### ACTION ITEM
Lines below starting with the line with "Windthrow Ravine T-Shirt" and going on through the line with "批发2025小众不规则缝线撞" must be output exactly; the rest of the records must be left out.

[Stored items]
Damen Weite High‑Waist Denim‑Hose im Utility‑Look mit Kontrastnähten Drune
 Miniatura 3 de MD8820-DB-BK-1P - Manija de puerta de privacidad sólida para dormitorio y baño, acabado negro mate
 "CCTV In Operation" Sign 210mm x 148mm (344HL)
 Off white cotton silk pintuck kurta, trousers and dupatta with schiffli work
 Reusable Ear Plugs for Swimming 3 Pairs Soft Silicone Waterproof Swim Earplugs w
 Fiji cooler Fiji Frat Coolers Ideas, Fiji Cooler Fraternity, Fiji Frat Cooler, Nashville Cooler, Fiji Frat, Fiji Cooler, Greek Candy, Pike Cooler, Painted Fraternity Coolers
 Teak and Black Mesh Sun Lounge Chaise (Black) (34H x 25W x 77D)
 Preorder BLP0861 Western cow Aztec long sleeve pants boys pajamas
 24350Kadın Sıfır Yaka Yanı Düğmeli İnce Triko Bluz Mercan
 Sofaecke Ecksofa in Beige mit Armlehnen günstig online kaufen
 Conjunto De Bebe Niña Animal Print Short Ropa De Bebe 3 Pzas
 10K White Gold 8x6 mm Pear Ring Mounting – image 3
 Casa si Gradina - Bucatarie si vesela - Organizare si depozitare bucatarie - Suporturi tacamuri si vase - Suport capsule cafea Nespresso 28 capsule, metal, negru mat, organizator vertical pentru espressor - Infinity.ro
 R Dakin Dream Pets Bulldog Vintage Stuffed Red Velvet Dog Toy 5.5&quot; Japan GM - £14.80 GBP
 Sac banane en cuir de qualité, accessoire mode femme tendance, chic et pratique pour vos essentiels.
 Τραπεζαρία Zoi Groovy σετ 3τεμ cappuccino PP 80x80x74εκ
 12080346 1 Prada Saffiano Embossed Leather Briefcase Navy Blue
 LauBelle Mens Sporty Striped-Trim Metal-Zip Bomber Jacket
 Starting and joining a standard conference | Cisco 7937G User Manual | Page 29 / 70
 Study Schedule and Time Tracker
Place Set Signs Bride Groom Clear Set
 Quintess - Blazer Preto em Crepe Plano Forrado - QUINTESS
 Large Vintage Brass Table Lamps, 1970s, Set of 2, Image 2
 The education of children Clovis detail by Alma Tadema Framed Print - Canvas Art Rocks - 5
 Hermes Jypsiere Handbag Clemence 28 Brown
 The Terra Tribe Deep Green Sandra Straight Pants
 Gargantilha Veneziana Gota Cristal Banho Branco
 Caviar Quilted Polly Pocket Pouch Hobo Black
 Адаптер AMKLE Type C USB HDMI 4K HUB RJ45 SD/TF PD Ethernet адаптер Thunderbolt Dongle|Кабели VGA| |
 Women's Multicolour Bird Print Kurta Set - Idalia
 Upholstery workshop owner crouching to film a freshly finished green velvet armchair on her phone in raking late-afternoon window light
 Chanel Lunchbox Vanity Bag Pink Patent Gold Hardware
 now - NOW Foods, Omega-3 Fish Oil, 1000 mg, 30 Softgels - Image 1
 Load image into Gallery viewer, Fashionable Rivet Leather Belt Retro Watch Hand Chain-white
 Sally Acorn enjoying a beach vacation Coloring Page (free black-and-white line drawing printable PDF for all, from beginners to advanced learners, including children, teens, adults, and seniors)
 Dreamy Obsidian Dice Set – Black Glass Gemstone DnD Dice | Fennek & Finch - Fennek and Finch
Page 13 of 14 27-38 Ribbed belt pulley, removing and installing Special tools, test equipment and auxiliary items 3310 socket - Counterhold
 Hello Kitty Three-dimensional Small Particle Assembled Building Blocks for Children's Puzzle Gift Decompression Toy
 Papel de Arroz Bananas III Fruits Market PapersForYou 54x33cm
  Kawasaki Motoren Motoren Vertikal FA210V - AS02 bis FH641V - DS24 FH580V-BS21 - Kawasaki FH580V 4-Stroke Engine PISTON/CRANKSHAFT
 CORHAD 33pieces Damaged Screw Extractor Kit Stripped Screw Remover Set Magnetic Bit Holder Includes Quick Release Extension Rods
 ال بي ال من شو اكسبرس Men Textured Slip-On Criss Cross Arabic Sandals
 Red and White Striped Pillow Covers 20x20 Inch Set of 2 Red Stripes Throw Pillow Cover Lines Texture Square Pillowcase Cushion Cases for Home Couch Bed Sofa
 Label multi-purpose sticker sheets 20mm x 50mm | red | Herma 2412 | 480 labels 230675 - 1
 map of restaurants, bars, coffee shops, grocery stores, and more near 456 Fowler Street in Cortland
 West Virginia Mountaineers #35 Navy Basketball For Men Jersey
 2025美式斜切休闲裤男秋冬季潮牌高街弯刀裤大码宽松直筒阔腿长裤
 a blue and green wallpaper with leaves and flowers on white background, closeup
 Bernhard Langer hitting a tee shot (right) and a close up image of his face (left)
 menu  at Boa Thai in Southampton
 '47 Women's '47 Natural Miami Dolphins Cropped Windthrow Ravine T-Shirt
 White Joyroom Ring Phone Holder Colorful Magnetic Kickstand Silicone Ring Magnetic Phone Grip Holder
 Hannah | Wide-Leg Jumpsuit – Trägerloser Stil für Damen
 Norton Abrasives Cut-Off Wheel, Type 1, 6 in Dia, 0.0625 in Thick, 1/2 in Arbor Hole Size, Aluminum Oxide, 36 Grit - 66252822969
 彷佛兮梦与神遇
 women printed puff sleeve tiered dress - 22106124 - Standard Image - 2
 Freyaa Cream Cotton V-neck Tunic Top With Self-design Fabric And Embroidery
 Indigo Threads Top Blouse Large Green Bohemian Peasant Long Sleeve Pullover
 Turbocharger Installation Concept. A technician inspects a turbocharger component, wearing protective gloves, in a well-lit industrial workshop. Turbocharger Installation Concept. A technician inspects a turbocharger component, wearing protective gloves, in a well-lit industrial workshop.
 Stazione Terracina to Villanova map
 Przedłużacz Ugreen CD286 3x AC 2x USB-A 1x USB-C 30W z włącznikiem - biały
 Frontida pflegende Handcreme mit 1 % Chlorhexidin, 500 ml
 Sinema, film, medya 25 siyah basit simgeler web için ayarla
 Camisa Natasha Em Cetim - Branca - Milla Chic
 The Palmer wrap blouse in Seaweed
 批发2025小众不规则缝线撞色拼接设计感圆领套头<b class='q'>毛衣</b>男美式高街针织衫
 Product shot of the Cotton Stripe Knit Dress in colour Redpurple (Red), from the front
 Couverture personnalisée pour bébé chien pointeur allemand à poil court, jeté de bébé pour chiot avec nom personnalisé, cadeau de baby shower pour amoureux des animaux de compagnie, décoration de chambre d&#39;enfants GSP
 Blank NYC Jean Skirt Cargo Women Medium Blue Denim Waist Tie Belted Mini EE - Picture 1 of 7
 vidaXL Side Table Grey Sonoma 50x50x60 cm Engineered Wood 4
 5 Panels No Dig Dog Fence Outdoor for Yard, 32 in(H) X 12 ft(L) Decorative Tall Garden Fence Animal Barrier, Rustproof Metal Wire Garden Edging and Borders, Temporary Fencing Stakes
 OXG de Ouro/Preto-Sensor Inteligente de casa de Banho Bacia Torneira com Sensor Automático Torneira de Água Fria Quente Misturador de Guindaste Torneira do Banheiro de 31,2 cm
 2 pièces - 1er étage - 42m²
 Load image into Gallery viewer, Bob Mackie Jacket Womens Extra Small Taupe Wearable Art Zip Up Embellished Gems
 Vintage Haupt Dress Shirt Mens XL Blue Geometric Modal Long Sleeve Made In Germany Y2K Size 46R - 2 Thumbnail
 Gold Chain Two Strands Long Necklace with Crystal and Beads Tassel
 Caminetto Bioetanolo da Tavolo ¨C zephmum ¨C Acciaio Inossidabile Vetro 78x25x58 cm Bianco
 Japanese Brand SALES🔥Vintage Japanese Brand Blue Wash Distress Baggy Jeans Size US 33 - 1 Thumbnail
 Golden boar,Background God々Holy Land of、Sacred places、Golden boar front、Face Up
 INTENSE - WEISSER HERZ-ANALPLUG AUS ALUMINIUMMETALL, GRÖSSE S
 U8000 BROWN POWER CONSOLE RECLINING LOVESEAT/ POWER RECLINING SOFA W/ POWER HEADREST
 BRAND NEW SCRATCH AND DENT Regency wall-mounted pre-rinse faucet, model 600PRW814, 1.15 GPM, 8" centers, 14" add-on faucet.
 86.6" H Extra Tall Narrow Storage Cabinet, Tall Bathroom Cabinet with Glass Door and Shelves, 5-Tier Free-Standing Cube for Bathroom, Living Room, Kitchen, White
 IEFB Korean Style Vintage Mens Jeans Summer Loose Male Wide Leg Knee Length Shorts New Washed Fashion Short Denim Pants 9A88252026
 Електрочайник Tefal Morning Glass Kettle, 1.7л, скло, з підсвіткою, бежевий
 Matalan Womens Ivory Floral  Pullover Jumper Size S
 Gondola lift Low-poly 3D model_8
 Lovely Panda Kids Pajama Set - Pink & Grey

### RESULT OF THE EXERCISE
 '47 Women's '47 Natural Miami Dolphins Cropped Windthrow Ravine T-Shirt
 White Joyroom Ring Phone Holder Colorful Magnetic Kickstand Silicone Ring Magnetic Phone Grip Holder
 Hannah | Wide-Leg Jumpsuit – Trägerloser Stil für Damen
 Norton Abrasives Cut-Off Wheel, Type 1, 6 in Dia, 0.0625 in Thick, 1/2 in Arbor Hole Size, Aluminum Oxide, 36 Grit - 66252822969
 彷佛兮梦与神遇
 women printed puff sleeve tiered dress - 22106124 - Standard Image - 2
 Freyaa Cream Cotton V-neck Tunic Top With Self-design Fabric And Embroidery
 Indigo Threads Top Blouse Large Green Bohemian Peasant Long Sleeve Pullover
 Turbocharger Installation Concept. A technician inspects a turbocharger component, wearing protective gloves, in a well-lit industrial workshop. Turbocharger Installation Concept. A technician inspects a turbocharger component, wearing protective gloves, in a well-lit industrial workshop.
 Stazione Terracina to Villanova map
 Przedłużacz Ugreen CD286 3x AC 2x USB-A 1x USB-C 30W z włącznikiem - biały
 Frontida pflegende Handcreme mit 1 % Chlorhexidin, 500 ml
 Sinema, film, medya 25 siyah basit simgeler web için ayarla
 Camisa Natasha Em Cetim - Branca - Milla Chic
 The Palmer wrap blouse in Seaweed
 批发2025小众不规则缝线撞色拼接设计感圆领套头<b class='q'>毛衣</b>男美式高街针织衫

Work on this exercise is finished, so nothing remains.